# Icones dans Signets Safari



## cassis87 (4 Juin 2008)

Bonjour,

Je voulais savoir s'il était possible de mettre des icones dans la barre de signets SAFARI cr cette barre avec juste les noms des raccourcis est vraiments tristounette.....

Merci
Greg


----------



## pascalformac (4 Juin 2008)

bonjour
ca s'appelle des favicons
et normalement tu les as devant les url des sites qui en intégrent
y compris dans la barre


----------



## DeepDark (4 Juin 2008)

Je ne sais pas si c'est possible de mettre les favicons dans la barre elle même.
Mais ce qui est sûr c'est que quand tu ouvres le volet signets et ben ces fameux favicons sont bien là


----------



## pascalformac (4 Juin 2008)

mais si ils sont dans la barre


----------



## DeepDark (4 Juin 2008)

Je suis d'accord pour les dossiers dans la barre mais pas pour un signet "isolé" qui apparaît comme le dossier (complètement grisé).


----------



## kayos (7 Octobre 2010)

j'allais poser la meme question .... 
moi aussi je suis comme deepdark...

y'a t il une solution ?

Eh ben on va profiter de la remontée du topic pour déménager dans le bon forum !


----------



## kayos (14 Octobre 2010)

personne ??


----------



## kayos (23 Mars 2011)

Il n'y a toujours pas une petite extension qui permet de montrer les favicons dans la barre de signet sur safari ?? ca serait tellement plus joli et pratique...


----------



## minimat (14 Octobre 2011)

Même question, un des très rares trucs qui me manquent...


----------



## pbas400 (13 Juin 2012)

je me posais la même question, et ça ne semble toujours pas exister ! 

http://www.apple.com/fr/safari/features.html#bookmarks

une extension peut-être ?


----------



## djio101 (13 Juin 2012)

Je ne suis pas sur de cadrer avec la demande, mais si vous voulez *des favicons dans les onglets de Safari*, y'a une extension qui s'appelle GLIMS...
http://www.machangout.com/


----------



## MadMax (28 Juillet 2012)

J'ai le même souci.
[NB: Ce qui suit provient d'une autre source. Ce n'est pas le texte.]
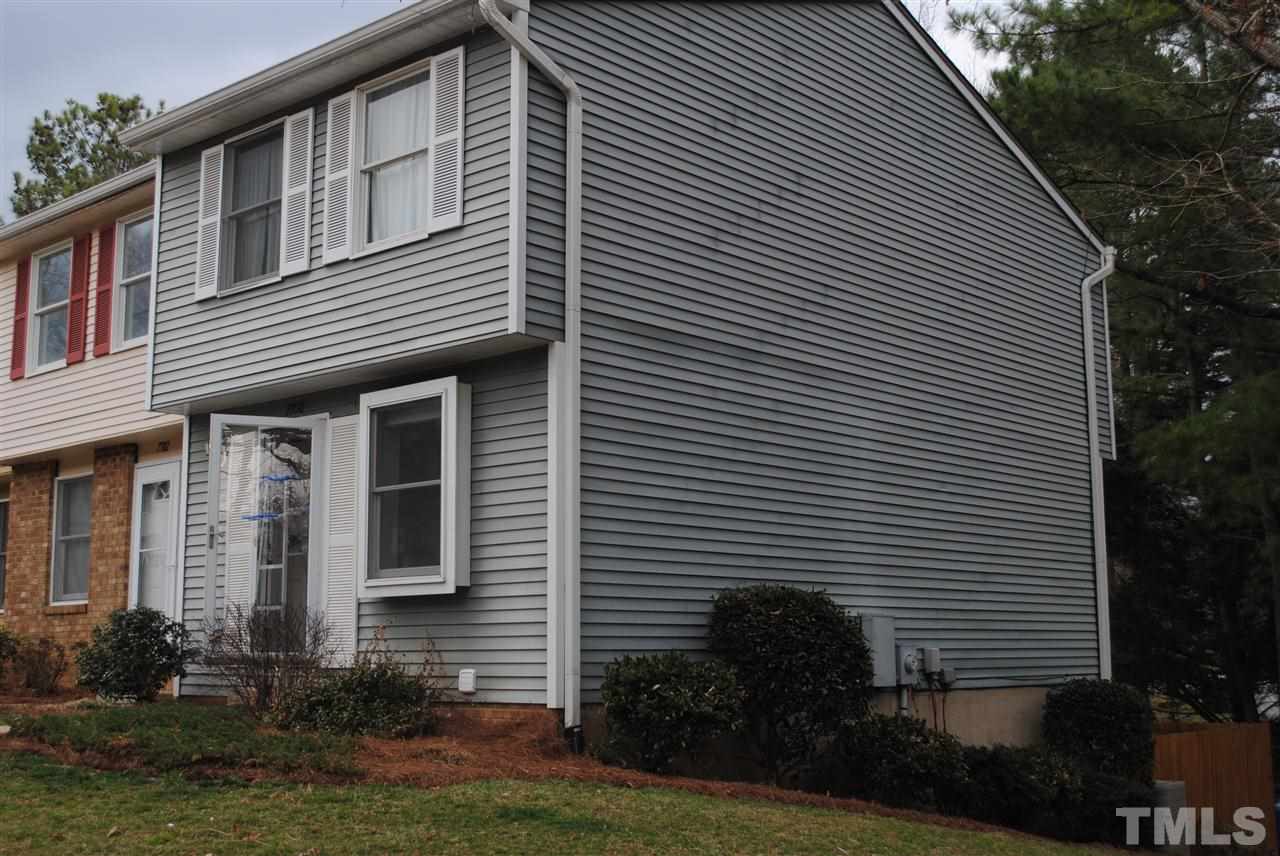 7700 Ohmann Court Raleigh, NC 27615 - Photo 2 of 20 a front view of a house with plants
Sous Firefox, c'est sympa de n'avoir que le favicon qui s'affiche à la place des signets dans la barre personnelle. Dans Safari on est obligé d'avoir un nom en lettre. Cela prend plus de place et c'est moins esthétique.


Merci


----------



## Herogei (19 Juin 2013)

Y'a t-il du nouveau pour cette recherche car cela m'intéresse fortement si il existe quelque chose.

Merci d'avance.


----------



## maclow (10 Avril 2017)

je remonte , y a t il une solution ??


----------



## Locke (10 Avril 2017)

@maclow
Tu ne vas remonter tous les messages ? Déjà un 2015, puis un de 2008 !


----------



## maclow (10 Avril 2017)

normal la question etait la meme , et je ne vois pas de solution ,


----------



## peyret (10 Avril 2017)

maclow a dit:


> normal la question etait la meme , et je ne vois pas de solution ,



D'ailleurs il n'y en a pas !!!!


----------



## maclow (10 Avril 2017)

peyret a dit:


> D'ailleurs il n'y en a pas !!!!


pas quoi ?? de solution ?


----------



## peyret (10 Avril 2017)

- ben pas de solution pour que ces favicons s'affichent.....
peut-être une extension permettrait de les afficher ?
mais je n'en connais pas.....


----------



## Locke (10 Avril 2017)

maclow a dit:


> normal la question etait la meme , et je ne vois pas de solution ,


Je ne pense pas non, l'auteur du message qui est cassis87 à rédigé sa demande en 2008. 

Et comme dans l'autre message, les favicons s'affichent bien, mais toujours accompagnés de la partie texte.


----------